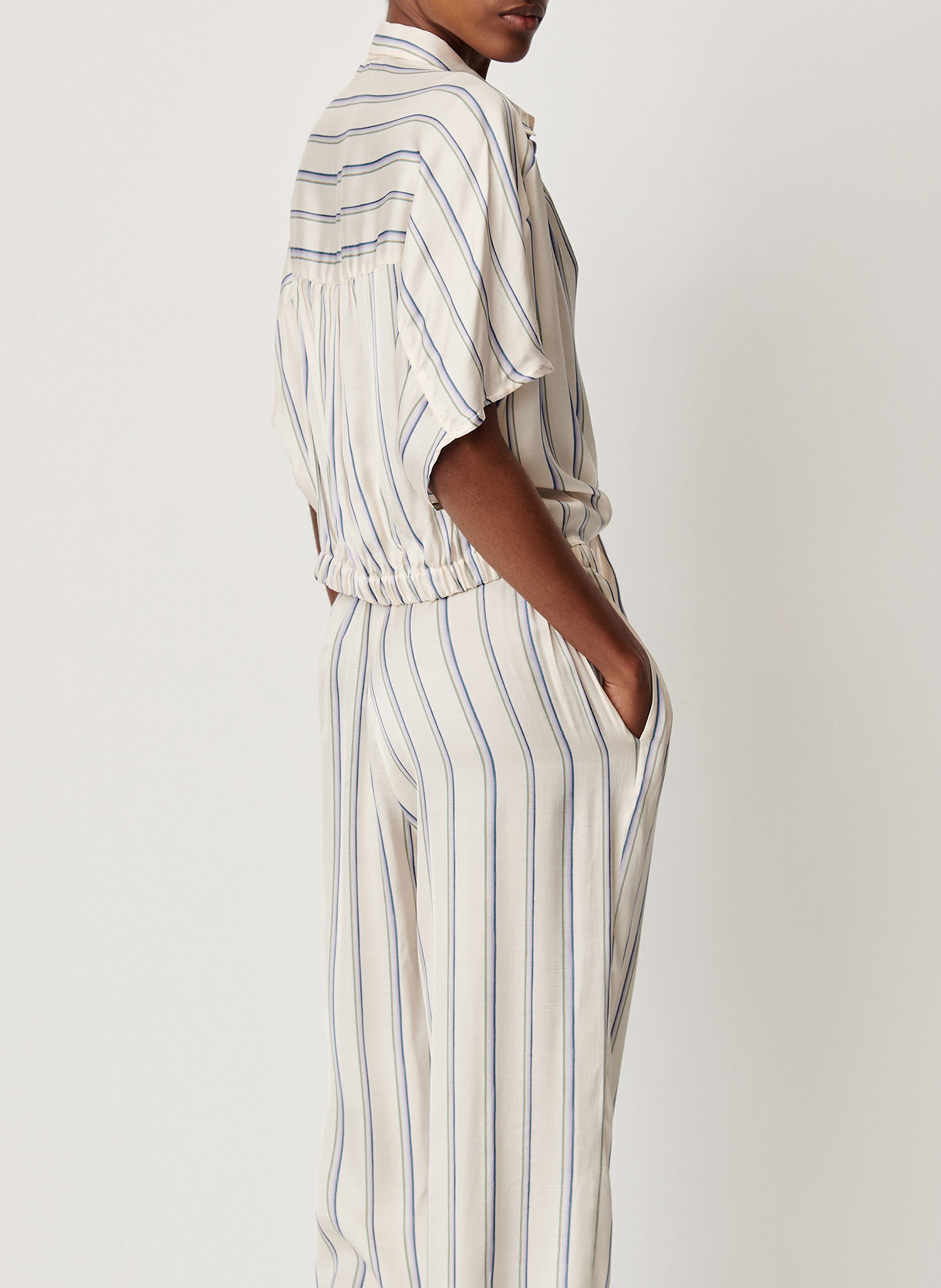Chemise droite col classique rayée SESSUN Blanc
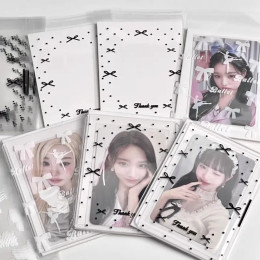50 шт., рукава для карточек Idol, INS, защита для фотокарт в балетном стиле, прозрачный бант с принтом, самоклеящиеся мешки Opp, упаковочная сумка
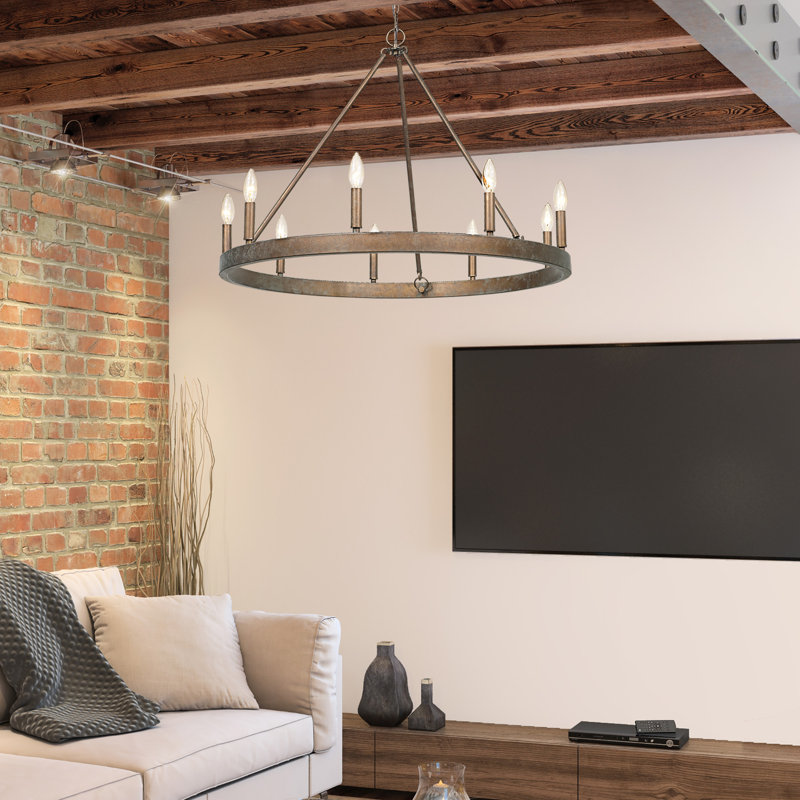 Halewood 9 - Light Steel Dimmable Round Chandelier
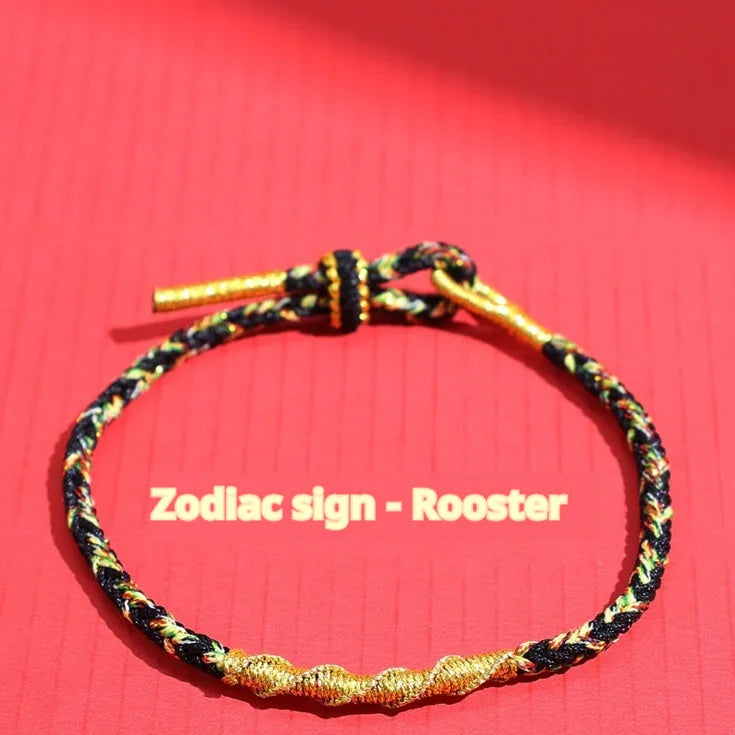 Hand-woven eight-strand adjustable carrying strap in colourful zodiac design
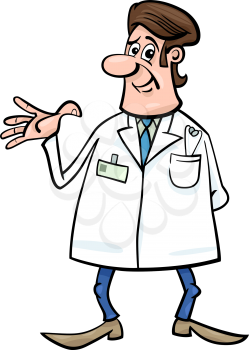 Cartoon Illustration of Male Medical Doctor in White Coat with Stethoscope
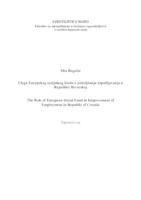 prikaz prve stranice dokumenta Uloga Europskog socijalnog fonda u poboljšanju zapošljavanja u Republici Hrvatskoj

= = = = = = =

- TASK DESCRIPTION
Set every entry down again exactly as written, and omit the images.

- EXERCISE RESULT
Chemise droite col classique rayée SESSUN Blanc
50 шт., рукава для карточек Idol, INS, защита для фотокарт в балетном стиле, прозрачный бант с принтом, самоклеящиеся мешки Opp, упаковочная сумка
 Halewood 9 - Light Steel Dimmable Round Chandelier
 Hand-woven eight-strand adjustable carrying strap in colourful zodiac design
 Cartoon Illustration of Male Medical Doctor in White Coat with Stethoscope
 prikaz prve stranice dokumenta Uloga Europskog socijalnog fonda u poboljšanju zapošljavanja u Republici Hrvatskoj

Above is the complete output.